The XM25 Counter Defilade Target Engagement System is the latest in weapon technology and is earmarked for service in Afghanistan.

Snap Shots

A new grenade launcher that’ll be deployed in Afghanistan soon is programmable with microchipped projectiles; Norfolk Island is the place to head for the Clay Target Championships and a bit of R&R; The Greens spent heaps to win just two seats in the WA upper house, while the SFP got one seat for a bargain; a buyback scheme in Boulder, Colorado hits a legal snag on legislation the organisers fought for in the first place; Nikon is under fire from a wildlife photographer for making rifle scopes; and don’t miss the latest Australian Hunting Podcast with Jason Selmes.

New US Army rifle

The Army has a new rifle that programs grenades to explode at a preset distance. It’s the XM25 Counter Defilade Target Engagement System and has a range of roughly 2300 feet (700m) and is to be deployed in Afghanistan soon. The rifle’s gun sight uses a laser rangefinder to determine the exact distance to the obstruction, after which the soldier can add or subtract up to three metres from that distance to enable the bullets to clear the barrier and explode above or beside the target. Soldiers will be able to use them to target snipers hidden in trenches rather than calling in air strikes. The 25-millimeter round contains a chip that receives a radio signal from the gun sight as to the precise distance to the target.

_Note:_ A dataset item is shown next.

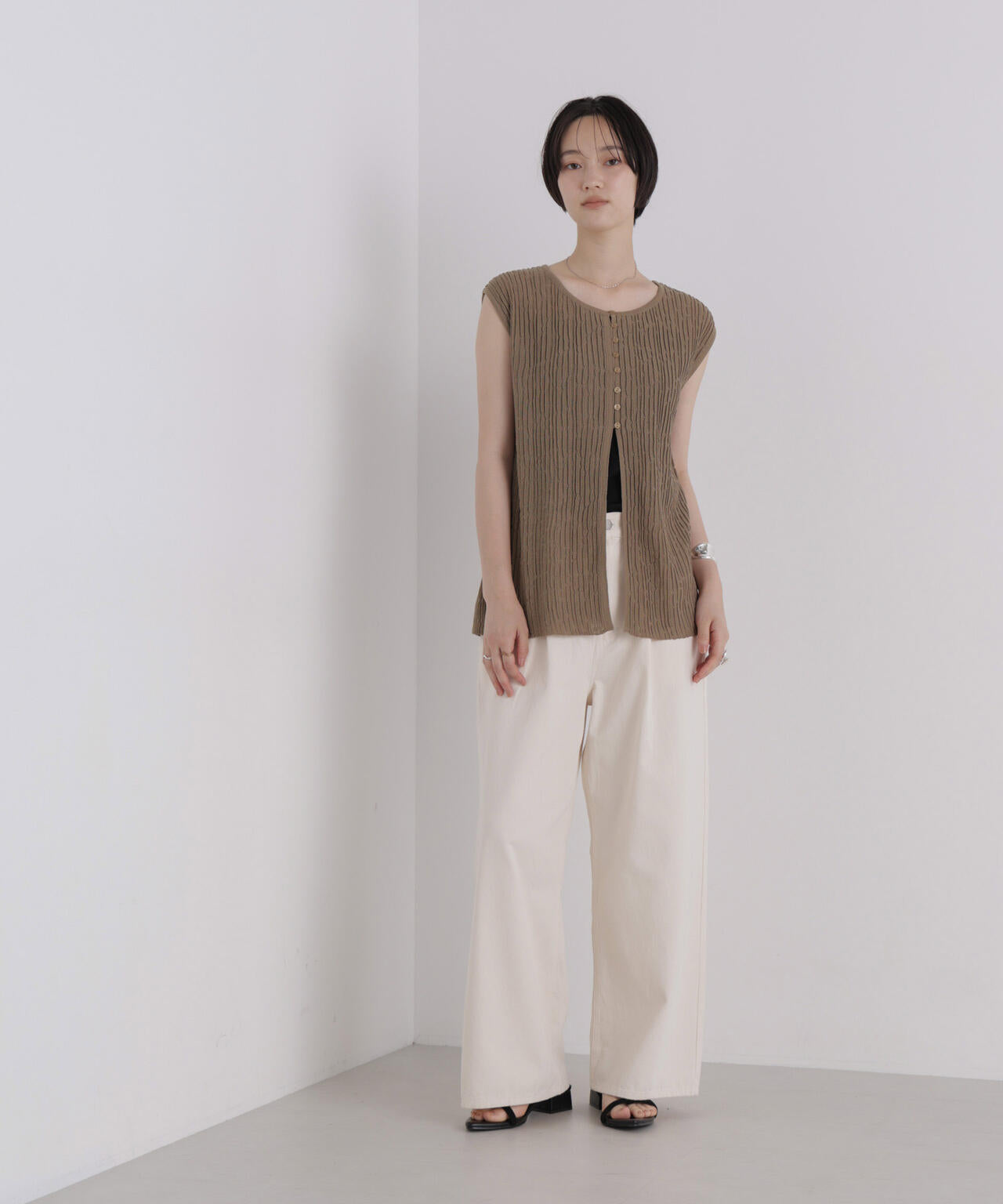前後2way楊柳ライクニット多ボタンノースリーブトップス(セットアップ可) 6736222309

Norfolk Island gets thumbs up

Trap shooters are praising Norfolk Island Clay Target Championship, to be held February 2-7 2014, as one of the country’s premier events on the shooting calendar. The week-long championship is held atop picturesque Anson Bay with events including 50 Target Skeet, Double rise, Single Barrel, Ball Trap, Skeet Pairs, Ball Trap Pairs, High gun, Ladies High gun and international teams. As well as the shooting events, visitors can enjoy deep sea fishing in waters untouched by commercial fishing. Not a bad getaway. Check out the Norfolk Island travel website for more.

Greens WA election spend

It costs money to win a seat in an election with the Liberal Party spending more than $5m to win the WA poll last year. What makes for more interesting reading are the spends for the Greens and the Shooters & Fishers Party. The Greens spent a significant $446,000 to win just two seats in the Upper House, failing to secure a seat in the Lower House, while the Shooters & Fishers Party picked up their first Upper House seat for the bargain price of just over $60,000.

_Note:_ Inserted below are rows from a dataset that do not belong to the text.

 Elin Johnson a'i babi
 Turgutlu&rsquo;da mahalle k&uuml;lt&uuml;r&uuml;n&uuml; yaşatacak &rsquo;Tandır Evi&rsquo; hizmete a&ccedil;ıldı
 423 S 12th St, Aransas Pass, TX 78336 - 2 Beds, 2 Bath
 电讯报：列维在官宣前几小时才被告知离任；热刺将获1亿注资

Political party spending on WA election:

The Liberal Party of Australia (WA Division) Inc – $5,141,459.31

Australian Labor Party (Western Australian Branch) – $2,756,512.71

The Greens (WA) Inc – $446,010.00

National Party of Australia (WA) Inc – $323,692.38

Shooters and Fishers Party (WA) Inc – $61,355.52

Australian Christians (WA) – $60,460

Family First Party WA – $13,161

Socialist Alliance – $1,792.76

Colorado gun buyback hits legal snag

It was a good, simple idea – offer gift cards to local businesses in exchange for guns. No questions asked. The Boulder, Colorado program was designed to get illegal weapons off the streets anonymously, but a new state gun law means that each gun transaction requires a $10 background check. That made it all too hard for the Boulder County Sherriff who called off the program. The irony is the new laws were championed by the very people who organised the buyback scheme.

Nikon cops activist bleat

Nikon makes cameras. Nikon makes rifle scopes. The problem is those who like to shoot with cameras don’t necessarily like to shoot with rifles and they’re not afraid to voice their opinion about those who do. In fact, 2008 Wildlife Photographer of the Year winner Stefano Unterthiner has had a bit of a rant about what he reckons is a conflict of interest within Nikon. “I always saw Nikon as a company close to nature, but I was wrong,” he said. “I don’t understand and can’t agree with their support for trophy hunting, which sends out entirely the wrong message to global photographers who love nature. Wildlife needs protecting now more than ever, and I urge the company to end its support for trophy hunting.” What are your thoughts?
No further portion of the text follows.